Plus de génériques et plus de... concurrence

Le développement des génériques est une autre piste. Si leur part de marché en volume, actuellement de 28% , passait à 75% comme en Allemagne ou au Royaume-Uni, ce sont entre 2 et 5 milliards d'euros d'économies qui seraient réalisées.

Mais là encore, la tâche du gouvernement est énorme. Il doit éduquer les patients, mais également les prescripteurs, médecins et pharmaciens, tout en renouant le dialogue avec les laboratoires pharmaceutiques qui, fâchés de voir le prix de leurs médicaments princeps relevés à chaque PLFSS, se sont vus reprocher des pratiques d'ententes et des campagnes de dénigrement des génériques. C'est moins facile à faire que de relever la TVA sur les médicaments non remboursés, comme le gouvernement l'a décidé en janvier...

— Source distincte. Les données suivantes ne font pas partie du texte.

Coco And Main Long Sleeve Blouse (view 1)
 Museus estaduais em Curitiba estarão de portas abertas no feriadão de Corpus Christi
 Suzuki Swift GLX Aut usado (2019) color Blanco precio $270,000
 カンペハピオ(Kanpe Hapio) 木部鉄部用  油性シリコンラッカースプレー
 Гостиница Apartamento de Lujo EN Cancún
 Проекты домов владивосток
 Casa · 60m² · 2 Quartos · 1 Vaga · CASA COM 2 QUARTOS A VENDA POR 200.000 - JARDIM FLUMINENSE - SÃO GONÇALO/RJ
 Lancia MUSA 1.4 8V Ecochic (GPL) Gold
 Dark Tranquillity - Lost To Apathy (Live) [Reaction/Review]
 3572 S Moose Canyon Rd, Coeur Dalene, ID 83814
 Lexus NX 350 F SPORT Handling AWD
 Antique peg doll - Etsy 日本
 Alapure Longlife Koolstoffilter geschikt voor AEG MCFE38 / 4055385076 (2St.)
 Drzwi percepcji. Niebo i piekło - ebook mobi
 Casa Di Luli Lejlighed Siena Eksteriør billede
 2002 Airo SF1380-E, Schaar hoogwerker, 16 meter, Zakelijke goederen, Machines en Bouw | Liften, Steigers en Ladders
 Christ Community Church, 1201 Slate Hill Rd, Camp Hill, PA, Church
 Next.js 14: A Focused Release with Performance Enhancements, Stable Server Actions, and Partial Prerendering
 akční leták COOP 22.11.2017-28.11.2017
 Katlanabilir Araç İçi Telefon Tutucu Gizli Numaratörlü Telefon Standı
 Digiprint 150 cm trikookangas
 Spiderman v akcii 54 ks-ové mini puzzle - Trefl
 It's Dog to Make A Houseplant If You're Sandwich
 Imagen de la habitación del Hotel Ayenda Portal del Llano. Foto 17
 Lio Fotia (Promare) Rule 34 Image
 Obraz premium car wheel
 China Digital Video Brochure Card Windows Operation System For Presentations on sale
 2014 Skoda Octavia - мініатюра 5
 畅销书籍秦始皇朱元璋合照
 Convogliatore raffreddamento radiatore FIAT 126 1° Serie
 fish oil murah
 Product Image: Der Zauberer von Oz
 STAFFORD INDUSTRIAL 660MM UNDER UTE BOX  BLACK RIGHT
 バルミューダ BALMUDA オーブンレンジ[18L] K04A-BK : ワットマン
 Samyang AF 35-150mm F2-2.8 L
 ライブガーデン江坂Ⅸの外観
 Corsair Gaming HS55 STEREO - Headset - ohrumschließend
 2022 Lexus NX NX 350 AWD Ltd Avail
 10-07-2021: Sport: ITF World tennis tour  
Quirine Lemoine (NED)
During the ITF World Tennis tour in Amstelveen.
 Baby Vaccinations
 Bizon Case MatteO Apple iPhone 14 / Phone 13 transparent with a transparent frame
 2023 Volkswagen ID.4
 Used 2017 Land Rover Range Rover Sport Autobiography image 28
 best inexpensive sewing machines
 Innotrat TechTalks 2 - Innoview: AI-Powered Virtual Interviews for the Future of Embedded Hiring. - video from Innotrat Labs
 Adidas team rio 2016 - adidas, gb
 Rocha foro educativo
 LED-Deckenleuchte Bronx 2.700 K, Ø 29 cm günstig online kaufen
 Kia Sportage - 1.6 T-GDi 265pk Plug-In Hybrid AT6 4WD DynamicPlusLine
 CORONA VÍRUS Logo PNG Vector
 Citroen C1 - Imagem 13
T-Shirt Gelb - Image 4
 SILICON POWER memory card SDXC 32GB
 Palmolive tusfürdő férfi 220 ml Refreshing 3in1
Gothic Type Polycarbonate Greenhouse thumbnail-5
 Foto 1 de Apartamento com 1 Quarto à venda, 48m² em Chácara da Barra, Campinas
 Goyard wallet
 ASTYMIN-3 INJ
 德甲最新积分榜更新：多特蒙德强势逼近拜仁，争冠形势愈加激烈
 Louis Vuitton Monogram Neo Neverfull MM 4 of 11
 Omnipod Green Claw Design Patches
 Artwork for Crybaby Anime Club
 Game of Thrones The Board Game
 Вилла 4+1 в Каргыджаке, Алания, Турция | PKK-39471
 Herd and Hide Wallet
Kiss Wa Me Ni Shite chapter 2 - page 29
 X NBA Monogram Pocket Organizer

Autre source de conflit à venir : la déréglementation programmée de certaines professions libérales, dont certaines professions de santé parmi lesquelles les médecins, les pharmaciens, les masseurskinésithérapeutes ou encore les dentistes. La CSMF est également vent debout contre cette mesure inspirée par le rapport de l'Inspection générale des Finances (IGF) dévoilé en juillet, et qui devrait être intégrée à la loi sur la croissance et le pouvoir d'achat.

« Ce projet est insultant. Les professionnels de santé ne sont pas des rentiers qui pillent les Français », s'insurge Jean-Paul Ortiz, le président de la Confédération.